The generic names are predefined, like generic font families. I think "numbers" is reasonable as a name but we'd probably want to come up with a better name for "letters".

These generic names would be added to the list of non-overrideable names. Multiple occurrences of the rule for a given generic family cascade together; you can override a given language's associated style. Language tags already have a notion of hierarchy, so we'd apply that here a la shorthands - "en" trinary would override a preceding "en", but also all preceding "en-US", "en-GB", etc pairs.
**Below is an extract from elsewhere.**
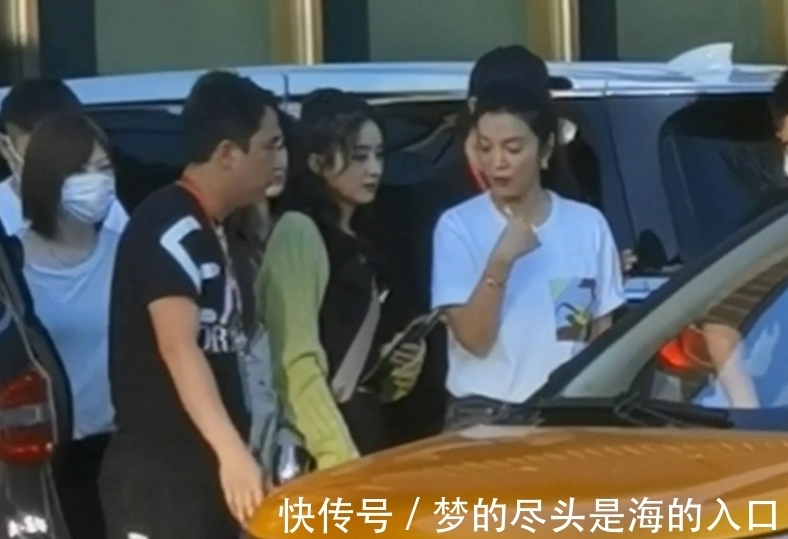 披肩|赵丽颖约姐妹做客《中餐厅5》，颖宝毛衣毛拖，造型是认真的吗？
If there's no matching language tag we fall back to a basic maximally-compatible one: numbers defaults to decimal, letters defaults to lower-alpha.

r12a commented 1 year ago

I did at one point wonder whether the generic family names should be the same as our counter style types: ie. numeric, additive, alphabet, fixed... But then i thought that people may actually want to mix and match the types if one style is more common than another for certain languages.

The same might be true when using numbers and letters as the keywords. So then i started thinking that perhaps that keyword should just be user defined.

So the generic family name could be numbers if you wanted and expected only to use numeric styles, but it could be wikipedia-styles if you liked, so that you could use additive styles for some languages, alphabetic for others, and numeric for the rest.

tabatkins commented 1 year ago

Only issue with making the namespace user-defined is we need to define what happens when a counter style is defined both by @counter-styles and @generic-counter-style. Presumably generic would win, but that's not clear.